Nov 22, 2011 – 12:11 PM ET | Last Updated: Nov 22, 2011 12:19 PM ET
Things have picked up a bit since then
The transformation of Ontario into a complete waste of time appears to be almost complete. Under the guiding hand of Premier Dalton McGuinty, the province has been reduced to have-not status, the manufacturing base has eroded, Ottawa has been strong-armed into financing a regional development office, unemployment is 8.1% (above the national average and getting worse) and the best solution the government can come up with is a plan to pour money into alternative energy in hopes of jobs (along with about 32 other countries and jurisdictions hoping to do the same thing.)
Along comes Citizenship and Immigration Canada to reveal that Ontario’s reputation has fallen to the point that immigrants are bypassing it as they head west to provinces with better prospects.
Citizenship and Immigration Canada earlier this month reveal that the province experienced a drop in new settlers to 118,114 in 2010, from 148,640 immigrants in 2001.Toronto, a traditional immigration magnet, saw 92,185 new immigrants in 2010, down from 125,169 in 2001.Meanwhile, the number of newcomers settling in Manitoba increased to 15,809 in 2010 from 4,591 in 2001; Saskatchewan saw an increase to 7,615 from 1,704; and Alberta saw 32,642 new faces, up from 16,404 a decade earlier.All provinces and territories except Ontario saw gradual increases, but the prairies experienced the biggest spike during the past decade.
The CBC noted that a decade ago, half of new immigrants went to Toronto alone, and 60% to Ontario as a whole. Last year, just 42% of newcomers figured Ontario was the best place to settle.
On the same day, a report from the Fraser Institute put Alberta in top spot as the “most economically free” jurisdiction in North America. In three key areas — size of government, taxation, and overall attractiveness, Ontario placed in the middle of the pack, behind Alberta, Saskatchewan and Newfoundland. All three enjoy resource-based economies with which Ontario can’t compete. Though it once dominated the Canadian economy thanks to its manufacturing base, the failure to find a replacement for it has left the province leaking influence and political clout to more prosperous provinces.

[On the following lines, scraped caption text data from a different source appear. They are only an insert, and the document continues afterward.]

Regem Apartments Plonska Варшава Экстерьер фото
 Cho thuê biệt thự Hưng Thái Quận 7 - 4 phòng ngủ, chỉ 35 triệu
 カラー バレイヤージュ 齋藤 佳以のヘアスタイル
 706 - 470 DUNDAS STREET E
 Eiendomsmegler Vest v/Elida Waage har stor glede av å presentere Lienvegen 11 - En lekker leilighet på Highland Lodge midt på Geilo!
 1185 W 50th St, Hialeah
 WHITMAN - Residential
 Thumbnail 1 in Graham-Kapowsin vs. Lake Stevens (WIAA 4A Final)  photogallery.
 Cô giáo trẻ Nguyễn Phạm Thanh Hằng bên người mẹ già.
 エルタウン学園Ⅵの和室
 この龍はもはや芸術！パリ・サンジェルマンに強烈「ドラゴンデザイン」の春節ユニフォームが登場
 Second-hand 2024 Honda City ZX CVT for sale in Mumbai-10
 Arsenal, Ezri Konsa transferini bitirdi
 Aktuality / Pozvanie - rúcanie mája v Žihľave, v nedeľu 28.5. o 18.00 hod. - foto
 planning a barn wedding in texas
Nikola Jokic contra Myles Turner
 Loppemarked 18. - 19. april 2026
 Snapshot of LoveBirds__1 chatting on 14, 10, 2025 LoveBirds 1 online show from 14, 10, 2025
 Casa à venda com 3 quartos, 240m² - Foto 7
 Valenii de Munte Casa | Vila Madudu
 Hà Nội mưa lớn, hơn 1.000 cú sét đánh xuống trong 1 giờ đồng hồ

The McGuinty government has promised to remedy some of the debt and budget problems afflicting the economy by abandoning its eight-year spending binge, and limiting spending growth to 1% a year. That could mean cuts of up to a third in some areas, it warns.
Maybe that will turn the situation around. The government isn’t promising a balanced budget for another six years, though. Until then new Canadians and old Canadians alike may find better prospects somewhere else.